[WHAT THE EXERCISE ASKS] Which lines run from the one containing "سوف يتم بأذن" to the end of the entries below? Reproduce them exactly, both ends included.

[Caption-style text data]

———

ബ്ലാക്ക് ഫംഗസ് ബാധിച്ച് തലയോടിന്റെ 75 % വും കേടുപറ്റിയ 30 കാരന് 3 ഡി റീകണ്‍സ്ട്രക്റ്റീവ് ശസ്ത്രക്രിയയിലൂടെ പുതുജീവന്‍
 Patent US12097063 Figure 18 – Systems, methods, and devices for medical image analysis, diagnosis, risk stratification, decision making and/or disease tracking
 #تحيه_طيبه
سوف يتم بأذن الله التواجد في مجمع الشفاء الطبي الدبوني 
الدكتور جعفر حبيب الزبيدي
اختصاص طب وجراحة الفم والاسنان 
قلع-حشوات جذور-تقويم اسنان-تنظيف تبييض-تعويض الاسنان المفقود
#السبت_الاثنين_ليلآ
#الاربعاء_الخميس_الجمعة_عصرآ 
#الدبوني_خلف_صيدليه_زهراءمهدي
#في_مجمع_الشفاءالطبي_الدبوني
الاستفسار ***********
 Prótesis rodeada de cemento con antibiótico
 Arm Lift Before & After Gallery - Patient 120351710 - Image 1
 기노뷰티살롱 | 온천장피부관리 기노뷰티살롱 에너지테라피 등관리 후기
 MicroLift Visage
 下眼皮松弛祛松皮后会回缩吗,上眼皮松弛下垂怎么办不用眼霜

———

[RESULT]
سوف يتم بأذن الله التواجد في مجمع الشفاء الطبي الدبوني 
الدكتور جعفر حبيب الزبيدي
اختصاص طب وجراحة الفم والاسنان 
قلع-حشوات جذور-تقويم اسنان-تنظيف تبييض-تعويض الاسنان المفقود
#السبت_الاثنين_ليلآ
#الاربعاء_الخميس_الجمعة_عصرآ 
#الدبوني_خلف_صيدليه_زهراءمهدي
#في_مجمع_الشفاءالطبي_الدبوني
الاستفسار ***********
 Prótesis rodeada de cemento con antibiótico
 Arm Lift Before & After Gallery - Patient 120351710 - Image 1
 기노뷰티살롱 | 온천장피부관리 기노뷰티살롱 에너지테라피 등관리 후기
 MicroLift Visage
 下眼皮松弛祛松皮后会回缩吗,上眼皮松弛下垂怎么办不用眼霜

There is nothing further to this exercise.